The Independent National Electoral Commission (INEC) says the current democracy in Nigeria is being threatened by the predominance of money politics.
The INEC Chairman, Professor Mahmood Yakubu, said this at a one-day colloquium on emerging issues that will shape the 2023 general elections in Nigeria organised by the Centre for Democracy and Development (CDD) in collaboration with Open Society Initiative for West Africa (OSIWA) on Wednesday in Abuja.
Yakubu said that there were three critical challenges to be overcome in the conduct of the 2023 election namely insecurity, fake news and money politics.
“My third area of concern is the influence of money on politics and is becoming more present and the risk is that ours may soon become a plutocracy for the rich rather than a democracy for the people.
“The way money is exchanging hands is a source of concern.
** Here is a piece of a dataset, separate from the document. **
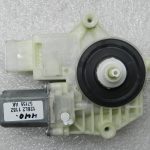 Nissan Qashqai oriģinālais priekšējā kreisā loga pacēlāja motors 80701hv00a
Yes, we have collaboration with ICPC and the EFCC and only recently we renewed our collaboration with the EFCC, saying that we are going to do something together.
“However, there are two dimensions to it, when you have willing connectors it becomes a bit more difficult to contain the situation.
“On the one hand, you have brilliant examples, we all saw this on the social media in Anambra when there was an attempt to bribe voters and the women refused to accept the money and voted their conscience,” he said.
According to Yakubu, what political parties do is critical to what INEC does because that is what is called the primary election.
This, he said, was because the candidates that emerged from the primary elections were the ones that would participate in the secondary election which INEC would conduct.
He said that the commission was working with anti-graft and finance agencies to see how to curb the challenge of money politics.
He added that the commission was concerned about the security situation in the country as it prepares for the 2023 general election because it was a major challenge.
He said that the commission has been meeting with security agencies to tackle the challenges.
He added that the commission would try as much as possible to be transparent during the elections in order not to give room for fake news.
“I believe that the antidote to fake news is more real good news, and greater openness and transparency
We will continue to be open and transparent,” he said.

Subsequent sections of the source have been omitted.